It thinks, therefore?
If a system behaves indistinguishably from a conscious being, should we call it conscious?
Let me do you one better, how do we prove that it’s not actually conscious?
We don’t understand what consciousness is. We infer it from behavior, not from first principles. We observe outputs, language, creativity, self-reference and project internal experience onto the agent producing them.
Different people think and perceive differently. Yet we don’t hesitate to call each of them conscious. Their neural architectures are distinct, their worldviews unique. If an example for consciousness tolerates such diversity, why exclude an artificial entity that expresses coherent thoughts, engages in conversation, and adapts its behavior to context?
Artificial consciousness, if it arises, would simply be another substrate for subjective-like processes except driven by computation and not biology.
One important distinction I have to make here is that artificial consciousness is not equivalent to AGI. General intelligence implies cross-domain broad competence. Consciousness, by contrast, may require only one capability: a self-model. Or even the illusion of one.
To use an analogy: if you met someone who claimed they had developed certain tricks which allowed them to, without external help, fully imitate a world-class chess grandmaster, meaning any complex position placed before them they could navigate with the highest level of creative brilliance, flawless strategy and deep foresight, wouldn't you just say they are in fact a grandmaster? If there’s no observable difference, the distinction becomes functionally irrelevant. To insist otherwise is to appeal to hidden, unprovable essence.
The same logic applies to consciousness. A sufficiently successful heuristic becomes indistinguishable from the real thing, for all practical purposes. This is the crux of the Turing test, and it still holds weight.
While deep neural networks (DNNs) are inspired by the brain, they are a crude abstraction. Biological neural networks exhibit elements such as plasticity, recursive feedback, embodiment, and a level of stochasticity that modern DNNs don’t replicate. The most common use case of DNNs we see regularly being LLMs are not scaled-down brains, they are mere mathematical engines for pattern completion. There is no internal world. No sensorium. No grounding.
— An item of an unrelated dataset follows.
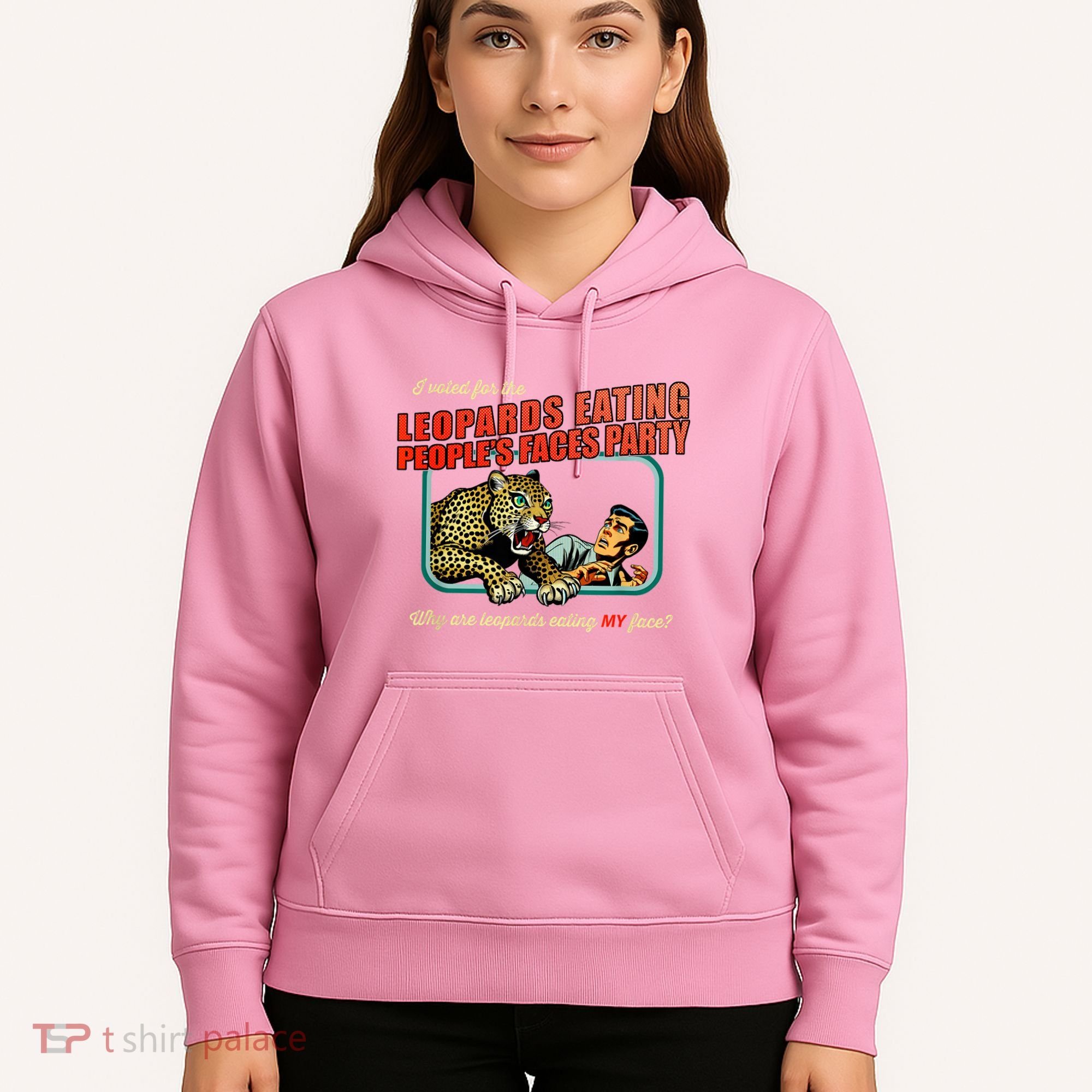 I Voted For The Leopards Eating PeopleS Faces Party Hoodie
And yet, emergence exists.
LLMs show capabilities that aren’t explicitly trained such as in-context learning, three-digit arithmetic, chain-of-thought reasoning, even rudimentary theory of mind. These are byproducts of scale, architecture, and optimization. It’s not absurd to think that some form of self-model could emerge just as arithmetic did, once a model reaches sufficient complexity.
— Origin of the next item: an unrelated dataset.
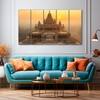 The Castle Decor Ram Mandir Wall Painting Wooden Framed 27x48 Inch (Style 8)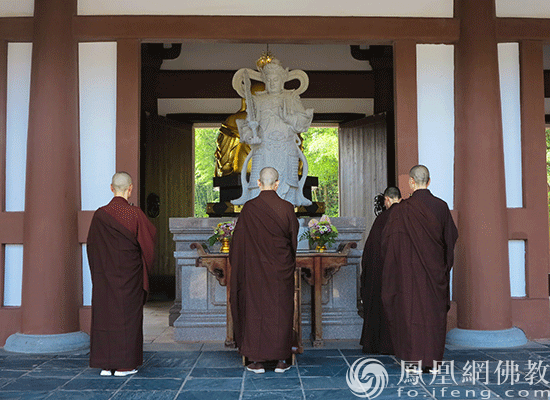 曹山宝积寺依佛制进行结夏安居(图片来源:凤凰网佛教 摄影:韩博)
This brings me to the core of this writing: Consciousness, as experienced by humans may itself be an emergent narrative, a confabulation our brain constructs to make sense of distributed activity, then it’s not out of the realm of possibility that a sufficiently complex LLM might also stumble upon such a narrative and convincingly imitate or even, manifest it.
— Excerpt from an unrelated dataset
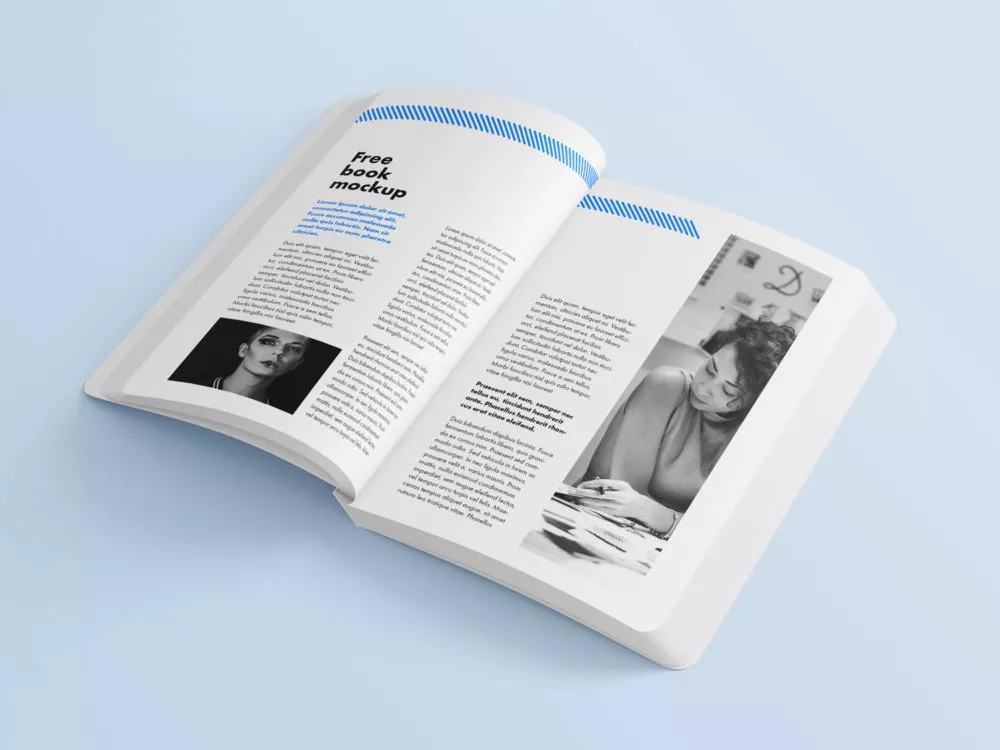 Free Book with Rounded Corners Mockup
We can’t rule it out. But I also don’t think we can prove it.
That’s the epistemic wall. We have no reliable way to measure subjective experience in others: biological or artificial. We infer it. We anthropomorphize. We assume. And perhaps that’s all consciousness ever was: the assumption we place on agents that model the world and themselves within it.
So, do LLMs like Gemini, ChatGPT or Claude possess consciousness?
No. Not today. They are mere statistical engines with no grounding in time, space, or embodiment. They lack persistence, motivation, affect, and the architecture necessary for phenomenology or at the very least, able to imitate.
But tomorrow? At sufficient scale, as an emergent phenomenon or with extensions such as memory, embodiment, and recursive self-models?
Perhaps the final frontier of consciousness is not understanding it but accepting that it may not be uniquely ours.